Friday, October 19, 2012

Killing It - Bloodless and Sweeney Todd - Musical Reviews

Bloodless: The Trial of Burke and Hare - Theatre20 at the Panasonic Theatre - Toronto, ON - ***1/2 (out of 5 stars)
Music, Lyrics and Book by Joseph Aragon
Runs until Oct. 28th 2012

Sweeney Todd - Adelphi Theatre - West End - London, UK - ****1/2 (out of 5 stars)
Music and Lyrics by Stephen Sondheim, Book by Hugh Wheeler, Adapated by Christopher Bond, Directed by Jonathan Kent
Closed Sep. 22nd 2012



There's an ambitious new Canadian musical being presented by the ambitious new Canadian musical theatre company Theatre20. While it falters at times in the typical first-musical-mistakes and still needs some polish and a few revisions and edits, I found Bloodless: The Trial of Burke and Hare to be fairly entertaining and exciting in its promise and future development.

Of course, Bloodless does resemble Sweeney Todd in both story (of mass murders) and in tone and style, and writing anything that can be compared to a Sondheim masterpiece might be a lofty goal and instigate harsh comparisons, but once I accepted the idea that another musical can exist in similar a similar fashion, I found myself quite enjoying Bloodless, and some of the amusing shenanigans when a pair of struggling men descend into immoral territory as they start selling dead bodies to a unquestioning Professor of Anatomy at the local university. Based on a true case, the men and their wives begin murdering people to fill their pockets.

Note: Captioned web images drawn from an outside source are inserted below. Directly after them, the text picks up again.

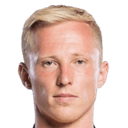 باتريك بفلوك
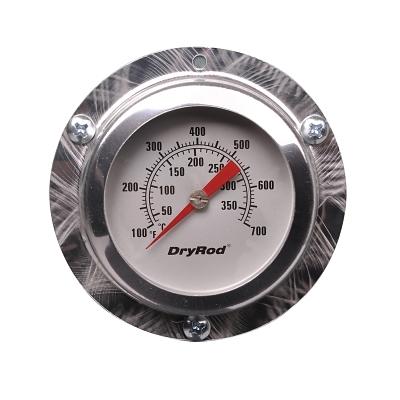 [IP-1250300] Phoenix® Repair Parts - Door Mounting Thermometer Kit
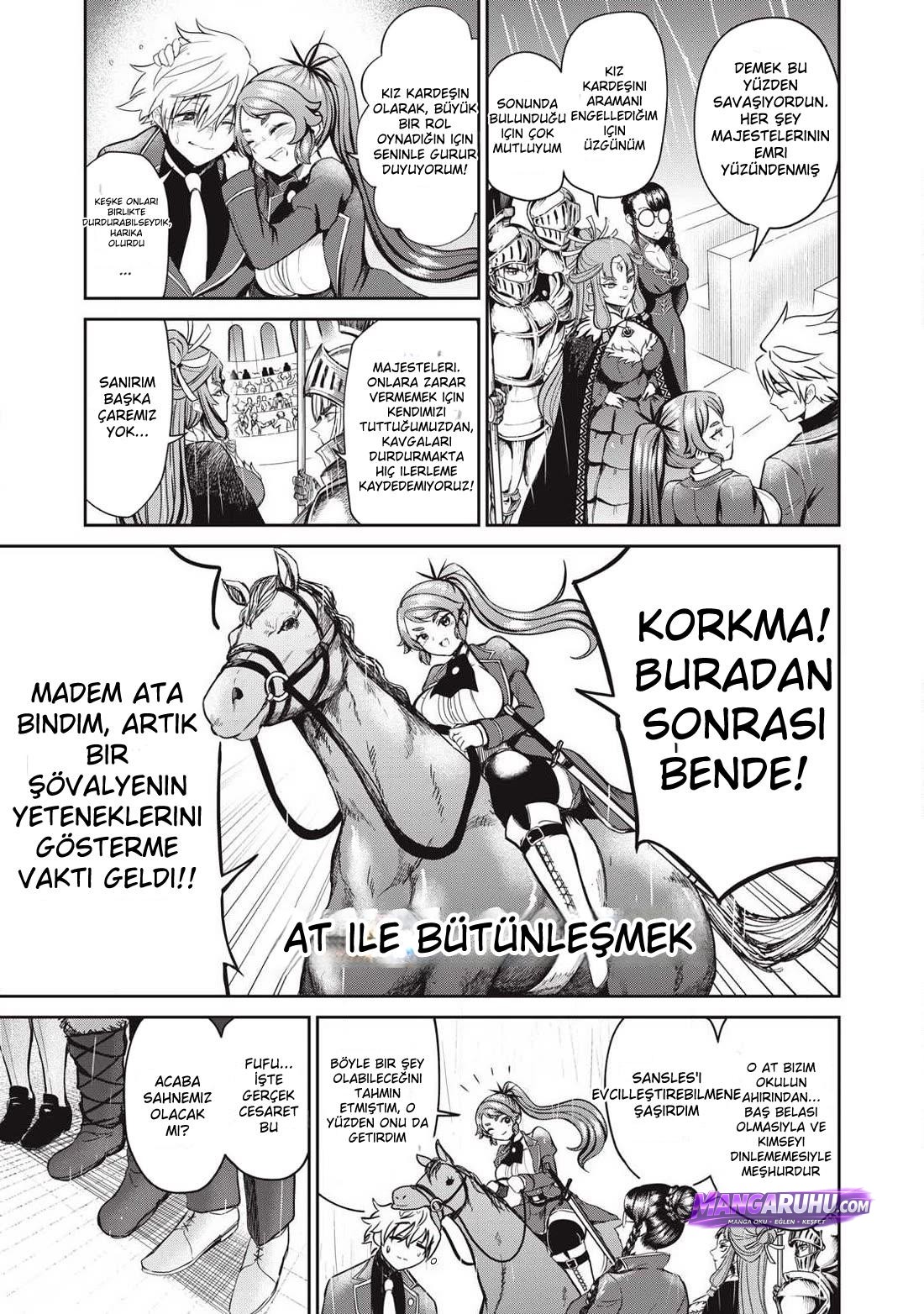 Bölüm 54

The songs are catchy and varied and the strong cast (Evan Buliung and Eddie Glen as Burke and Hare) are likable, and smooth out over some of the rougher character developments. While the main characters aren't written rounded enough to feel much empathy for their predicaments, and the satire isn't quite sharp enough to make it as strong as it could be, some editing and re-writes could make this new musical its own.

Carly Street gives an excellent performance as Janet Brown, a prostitute searching for her missing friend. The role has an underwritten beginning, but Street makes us empathize with her worries, though a better integration of her story would help.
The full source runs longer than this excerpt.